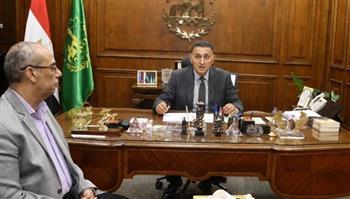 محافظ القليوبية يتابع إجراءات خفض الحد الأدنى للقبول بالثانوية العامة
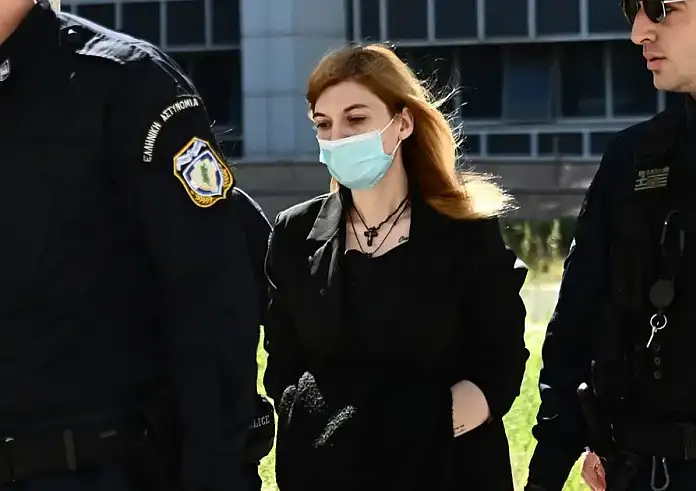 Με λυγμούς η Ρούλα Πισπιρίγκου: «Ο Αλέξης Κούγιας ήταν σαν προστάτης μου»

----------------------------------------

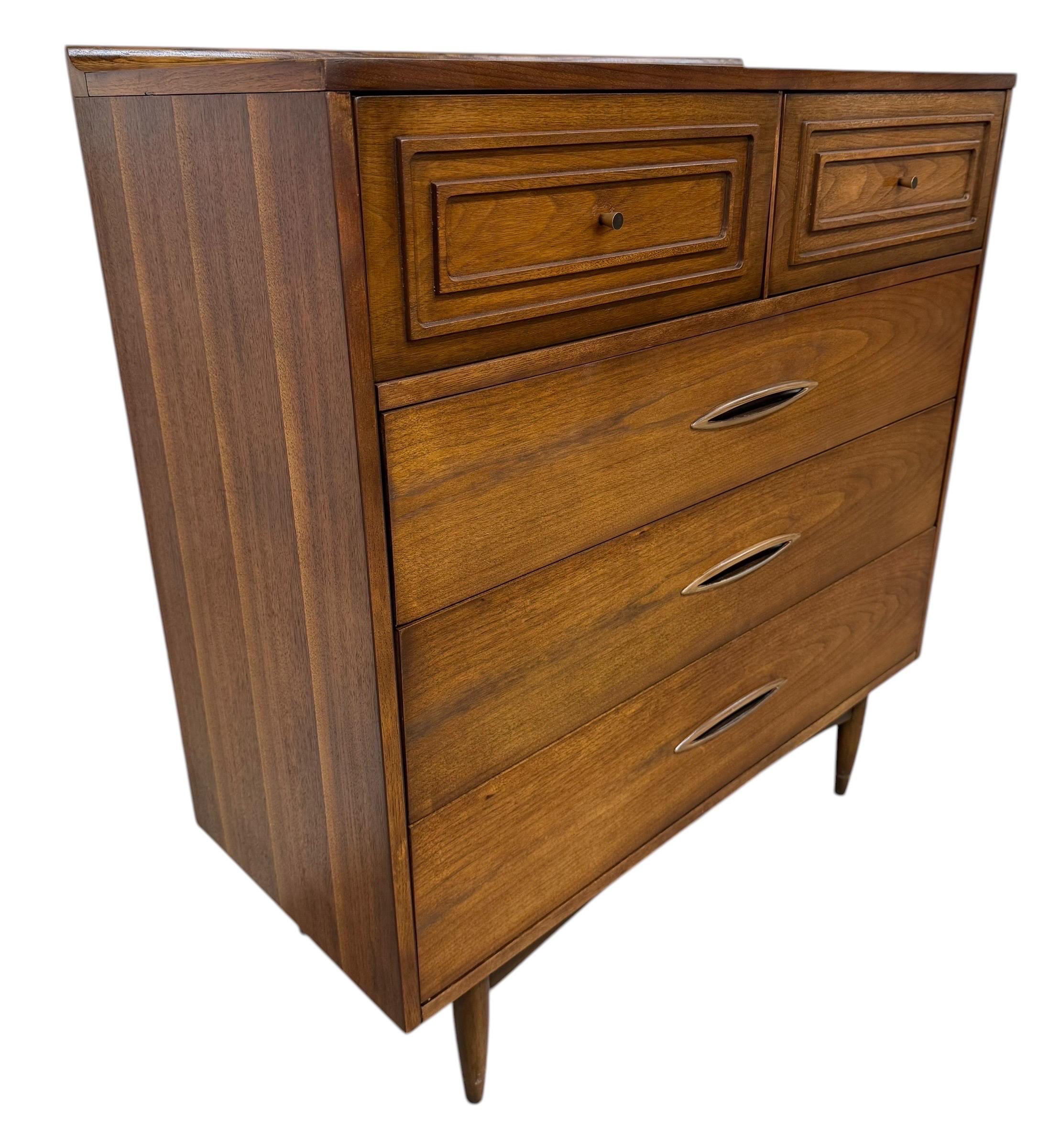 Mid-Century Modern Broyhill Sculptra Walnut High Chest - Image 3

----------------------------------------

→ Exercise prompt
Using the data above, retype exactly the lines from the line with "محافظ القليوبية يتابع" to the line with "Με λυγμούς η", inclusive. No pictures and nothing else.

→ Solution to the exercise
 محافظ القليوبية يتابع إجراءات خفض الحد الأدنى للقبول بالثانوية العامة
 Με λυγμούς η Ρούλα Πισπιρίγκου: «Ο Αλέξης Κούγιας ήταν σαν προστάτης μου»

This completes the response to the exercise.